_Supplied data_
-- -- --
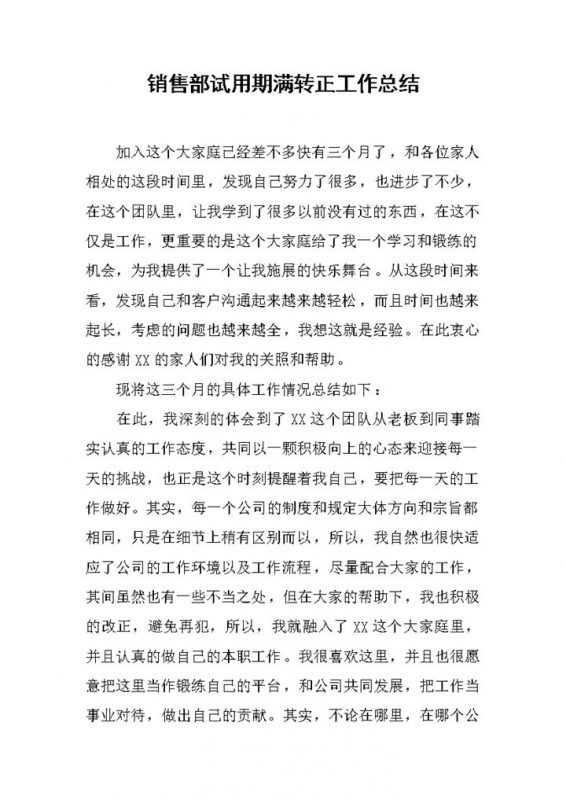经典实用销售部试用期满转正年终工作总结Word模板-办公资源网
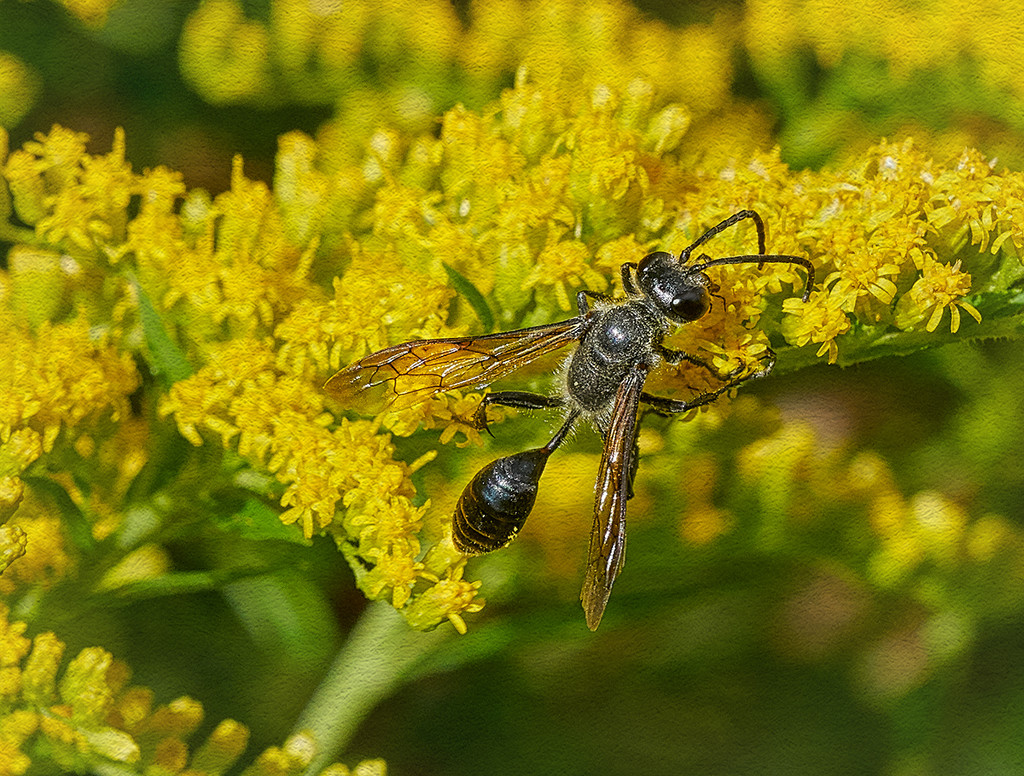 Wasp by gardencat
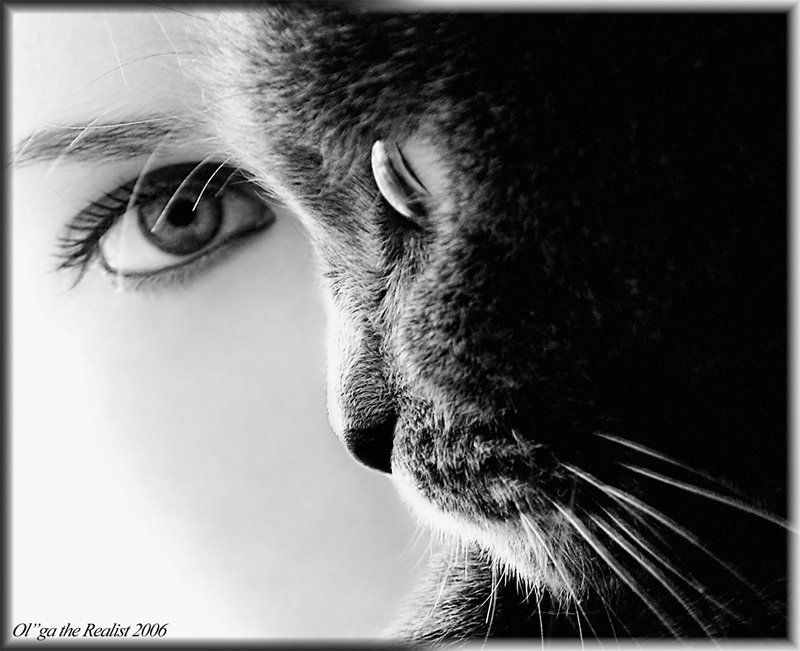 ...Одна сущность...photo preview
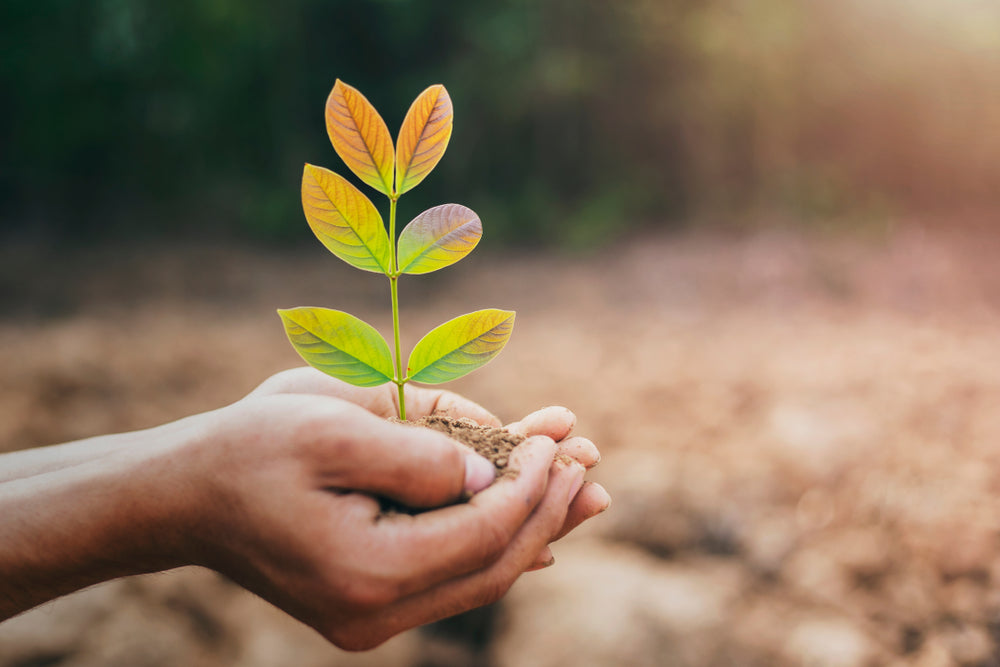 フェアトレードとエシカル消費の違い【わかりやすく解説】意味・認証マーク・監査基準など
-- -- --
_Problem to work on_
After locating the line with "Wasp by gardencat" in the listing above, transcribe it and every line after it to the last, exactly, with no pictures.

_Exercise result_
 Wasp by gardencat
 ...Одна сущность...photo preview
 フェアトレードとエシカル消費の違い【わかりやすく解説】意味・認証マーク・監査基準など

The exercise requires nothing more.